▸ **TASK DETAILS**: Using only the entries below, output the lines starting at the one containing "Take Two Beige" and ending at the one containing "Womens Genuine Black", exactly and inclusive of both, omitting the pictures.

START SOURCE MATERIAL

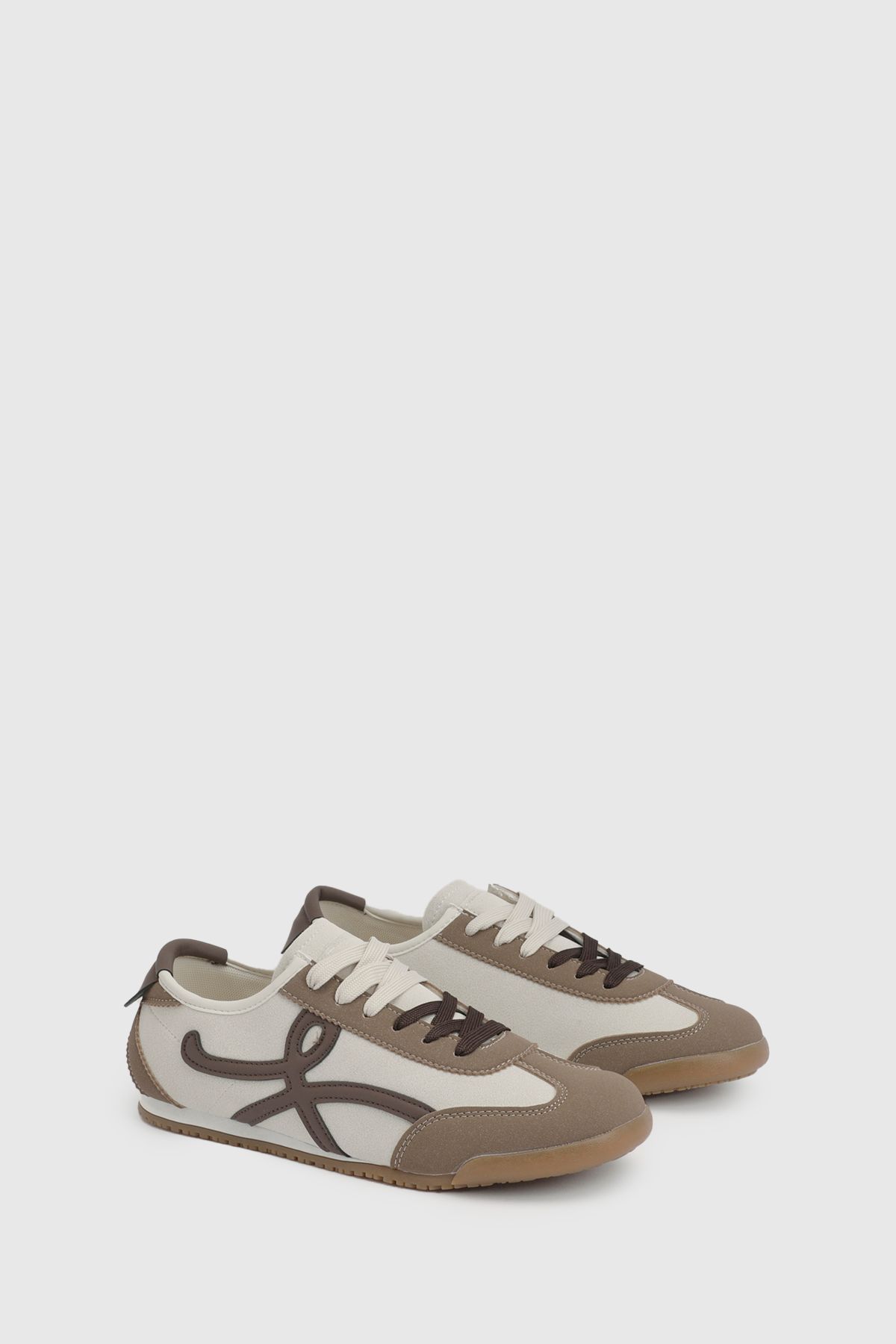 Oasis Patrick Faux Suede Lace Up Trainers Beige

END SOURCE MATERIAL
START SOURCE MATERIAL

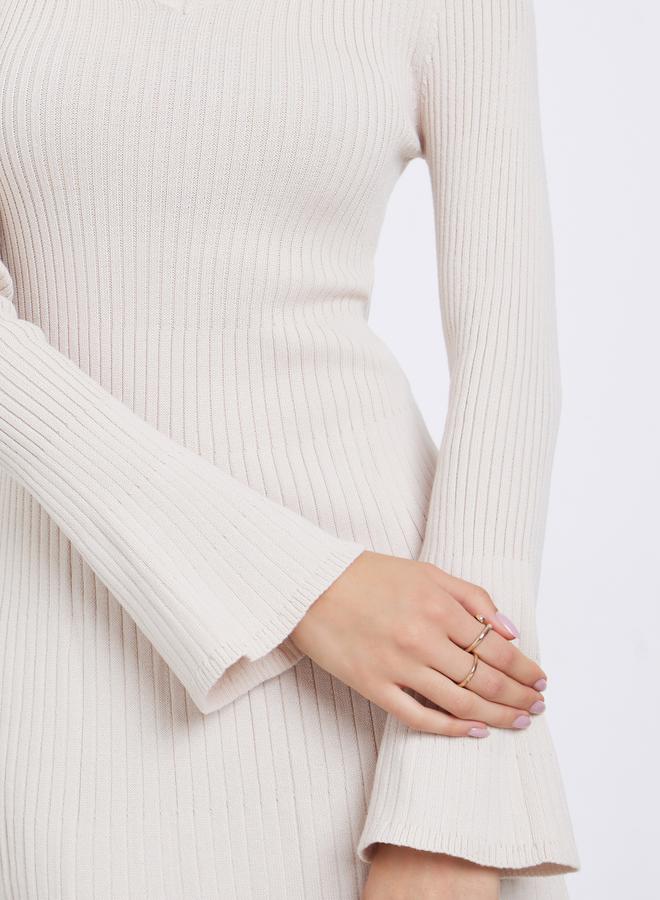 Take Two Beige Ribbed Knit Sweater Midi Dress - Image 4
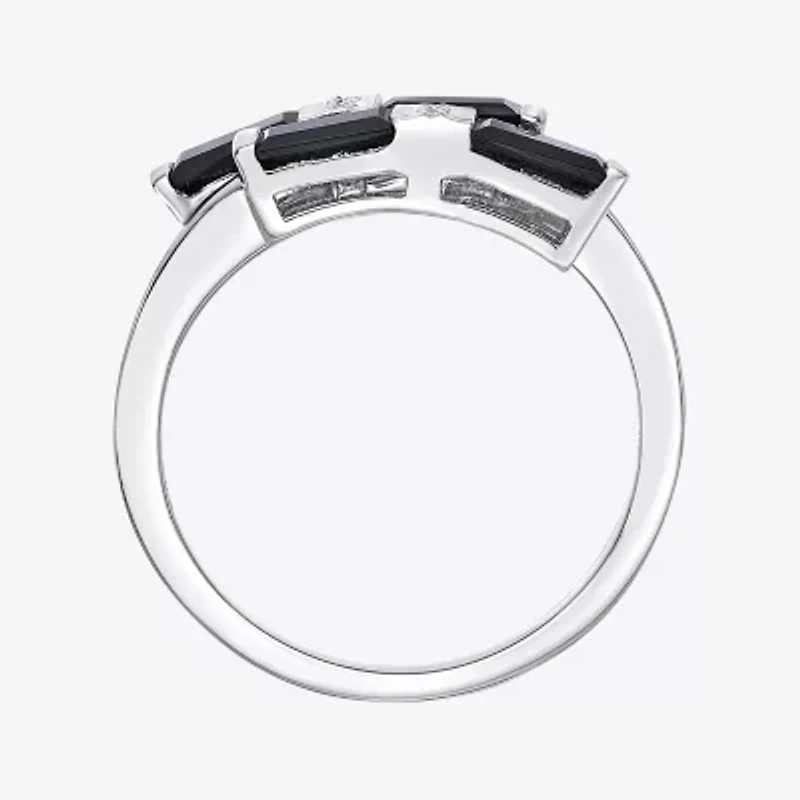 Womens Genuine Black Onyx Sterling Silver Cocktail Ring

END SOURCE MATERIAL
START SOURCE MATERIAL

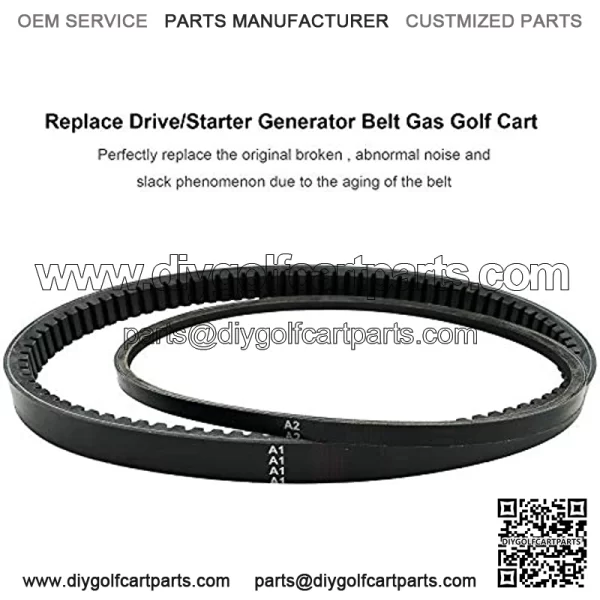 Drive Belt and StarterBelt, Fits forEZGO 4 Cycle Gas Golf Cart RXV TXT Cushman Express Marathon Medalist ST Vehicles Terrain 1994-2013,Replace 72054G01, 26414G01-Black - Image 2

END SOURCE MATERIAL

▸ **RESULT OF THE EXERCISE**:
 Take Two Beige Ribbed Knit Sweater Midi Dress - Image 4
 Womens Genuine Black Onyx Sterling Silver Cocktail Ring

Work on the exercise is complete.